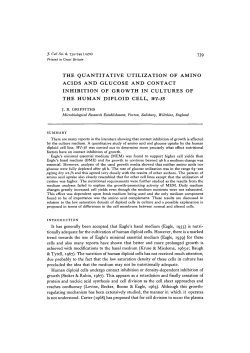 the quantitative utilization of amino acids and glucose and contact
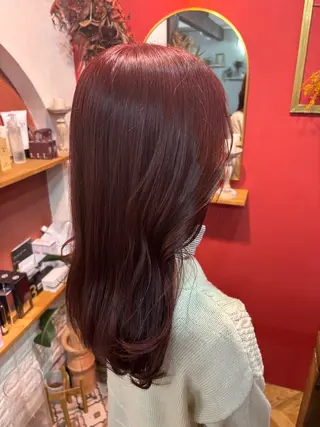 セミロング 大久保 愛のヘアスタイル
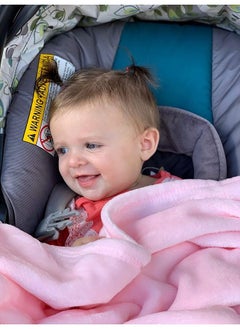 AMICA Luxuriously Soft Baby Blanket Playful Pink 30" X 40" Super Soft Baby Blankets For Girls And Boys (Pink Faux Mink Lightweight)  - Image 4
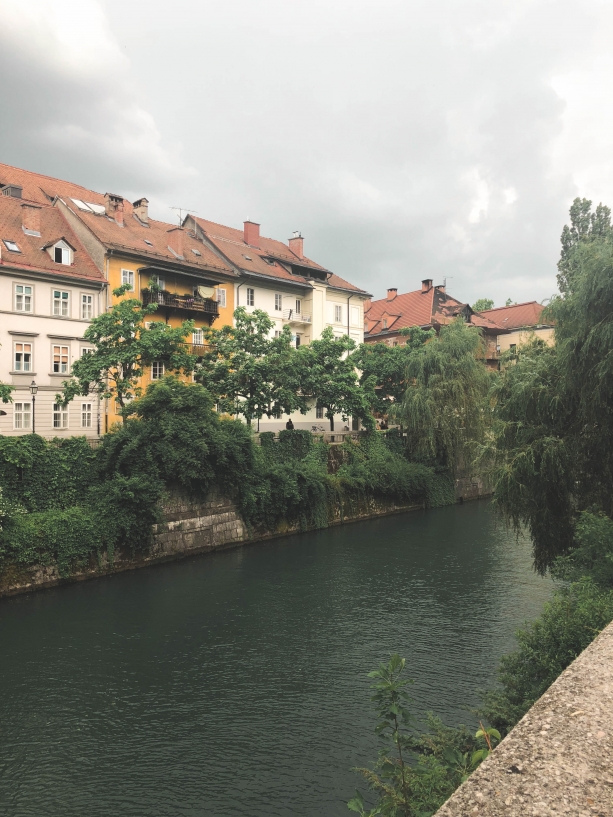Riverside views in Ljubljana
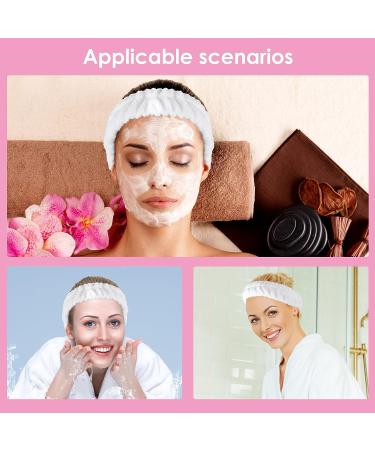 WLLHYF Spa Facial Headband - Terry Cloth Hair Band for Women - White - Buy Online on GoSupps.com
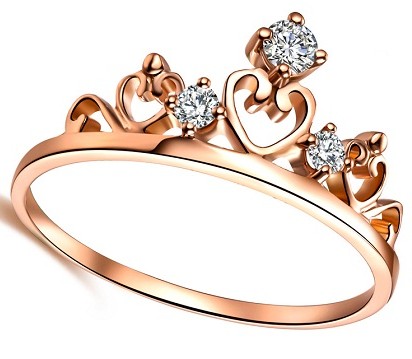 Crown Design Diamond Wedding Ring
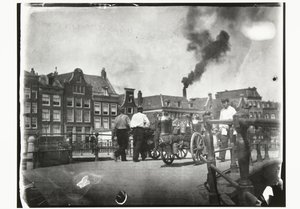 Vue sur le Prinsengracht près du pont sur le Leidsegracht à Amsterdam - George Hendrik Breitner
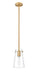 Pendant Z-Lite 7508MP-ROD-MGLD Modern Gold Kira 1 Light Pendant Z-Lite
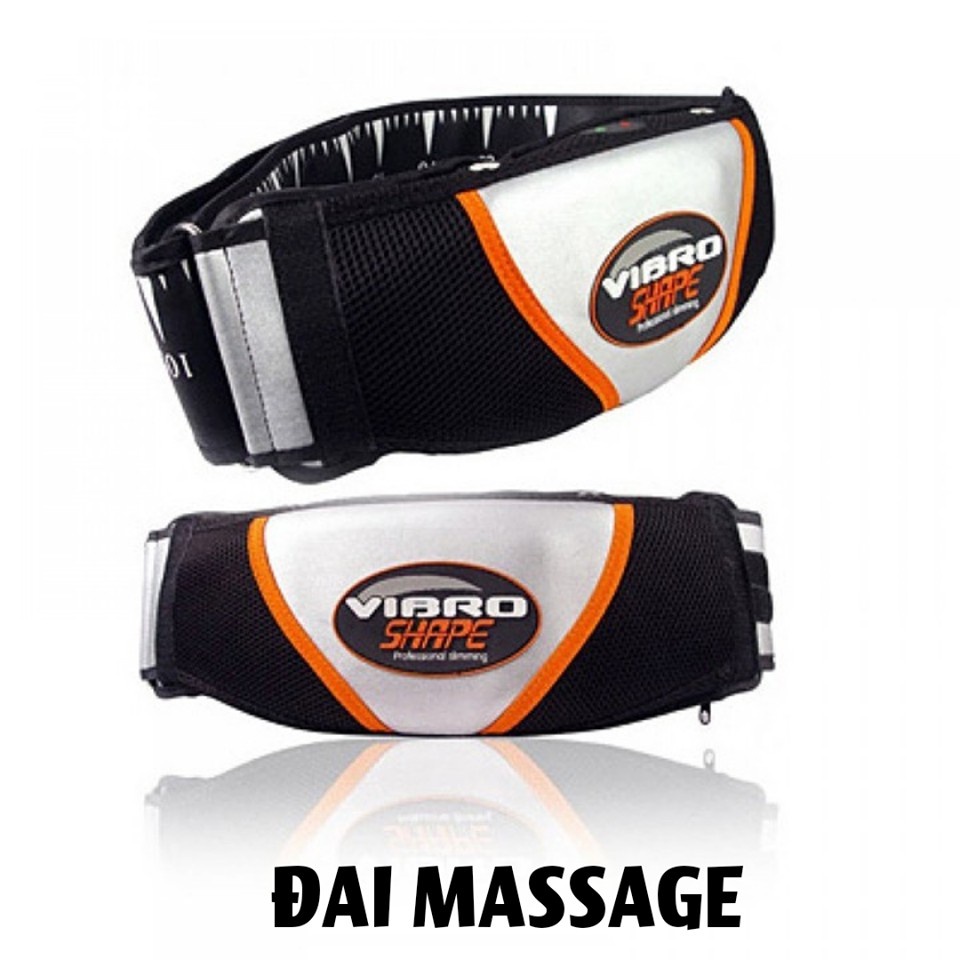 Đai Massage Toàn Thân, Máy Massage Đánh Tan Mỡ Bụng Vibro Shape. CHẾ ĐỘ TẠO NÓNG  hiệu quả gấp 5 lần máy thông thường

* * *

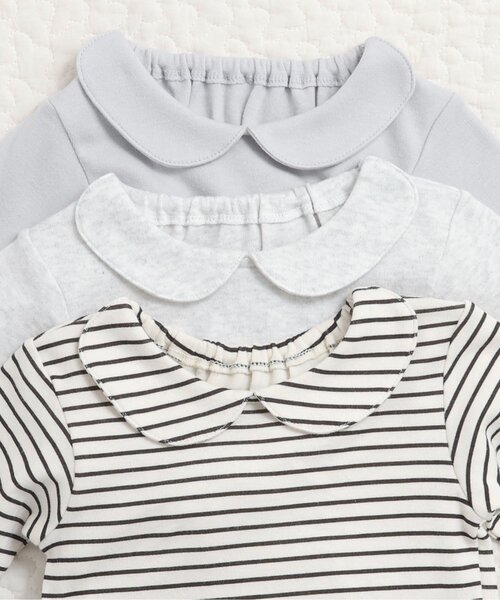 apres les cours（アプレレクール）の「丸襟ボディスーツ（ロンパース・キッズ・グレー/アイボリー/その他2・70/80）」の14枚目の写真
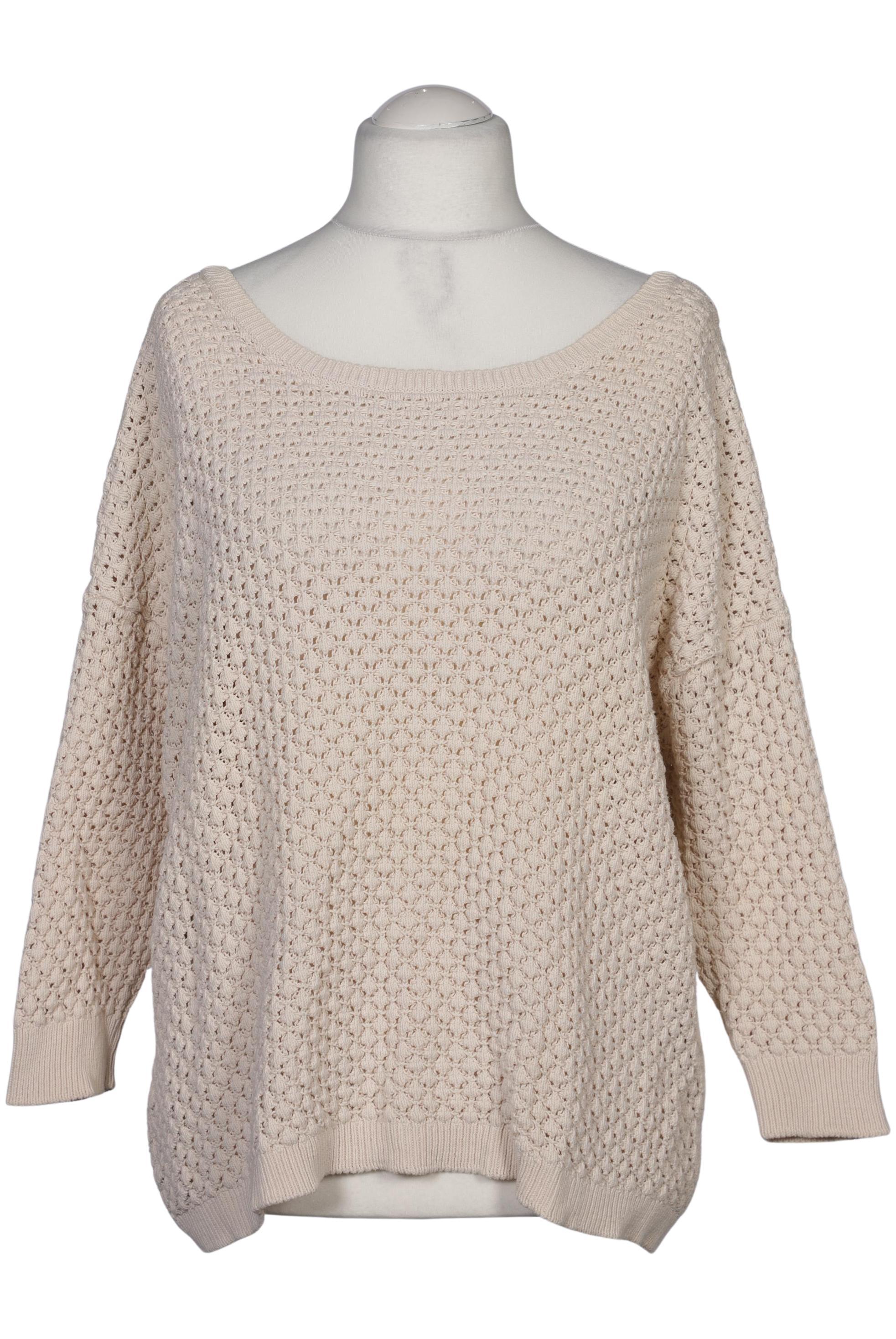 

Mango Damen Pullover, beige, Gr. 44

#### WHAT IS REQUIRED:
Leaving out each picture, repeat exactly the lines above from the one that contains "Vue sur le Prinsengracht" through the one that contains "Đai Massage Toàn".

#### EXPECTED ANSWER:
 Vue sur le Prinsengracht près du pont sur le Leidsegracht à Amsterdam - George Hendrik Breitner
 Pendant Z-Lite 7508MP-ROD-MGLD Modern Gold Kira 1 Light Pendant Z-Lite
 Đai Massage Toàn Thân, Máy Massage Đánh Tan Mỡ Bụng Vibro Shape. CHẾ ĐỘ TẠO NÓNG  hiệu quả gấp 5 lần máy thông thường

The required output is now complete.